Retenant toujours sa fille d’un bras, je m’approchai et lui offris l’autre pour l’aider à se relever. Sans me lâcher, Helena se réfugia contre lui. Je les serrai tous les deux dans mes bras. À cet instant, nous nous trouvions sur un pied d’égalité, à partager notre profond soulagement et notre douleur.

 

Nous étions toujours blottis les uns contre les autres lorsque les prétoriens arrivèrent. Petronius Longus apparut dans l’embrasure de la porte, pâle comme un linge. Plus loin derrière lui, j’entendais le cahotement des carrioles que l’on ramenait. Il y avait beaucoup de bruit. Des gradés cherchaient à reprendre les choses en main ; la situation devint confuse.
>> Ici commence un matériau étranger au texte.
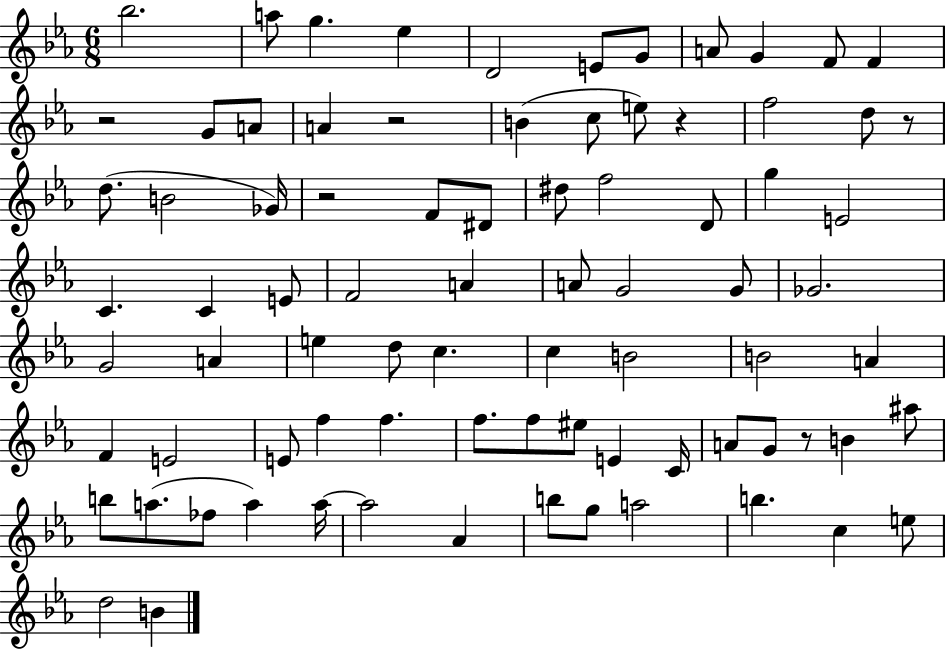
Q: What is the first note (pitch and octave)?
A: Bb5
Des hommes n’ayant joué aucun rôle dans les événements de l’après-midi se félicitaient d’avoir réglé l’affaire. D’un pas lent, je me dirigeai vers l’extérieur, avec l’impression d’avoir les orbites vides, comme si j’avais porté un masque d’acteur.
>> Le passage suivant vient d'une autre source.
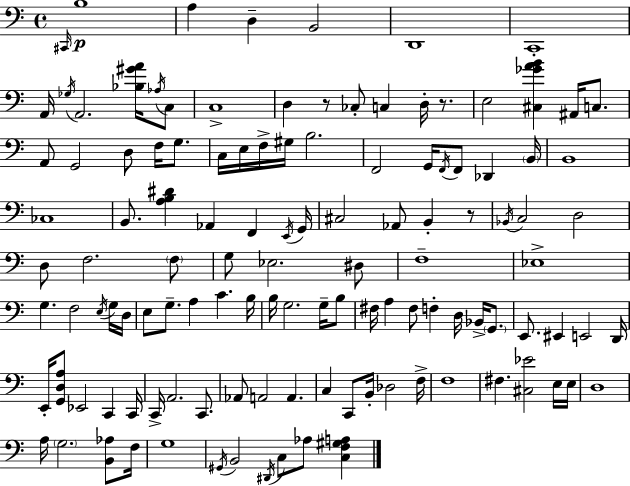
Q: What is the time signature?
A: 4/4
On allait condamner l’accès à l’entrepôt dans lequel le cadavre reposait toujours. On apposa une chaîne sur la grille. Decimus fut conduit au Palais pour s’y expliquer ; je regardai sa fille qu’on dirigeait vers une chaise. Nous n’avons échangé aucune parole. Les prétoriens savaient bien qu’un enquêteur, fut-il celui de l’Empereur, n’avait rien à faire avec la fille d’un sénateur. Meto m’avait légèrement balafré ; mon sang avait coulé sur le visage d’Helena. Elle avait besoin de moi – je le savais au fond de moi-même. Elle était blessée et ne s’était pas encore remise de l’émotion. Je la voyais, toute tremblotante, et pourtant je ne pouvais pas m’approcher d’elle.

Un simple geste de sa part aurait suffi pour que j’écarte violemment tous les prétoriens. Elle ne fit pas le moindre signe. J’étais désemparé. Les gardes la raccompagnèrent chez elle.

 

La nuit était tombée dans une Rome vouée à cette heure aux occupations peu avouables, parcourue des cris les plus sombres. Au-dessus du Capitole, un hibou ululait. D’une ruelle perdue me parvenait le triste chant d’une flûte, déplorant sans doute l’injustice des hommes pour les femmes, ou la cruauté divine. Petronius Longus se tenait à mes côtés, sans prononcer le moindre mot. Lui et moi savions bien que l’affaire des cochons d’argent venait de trouver son épilogue.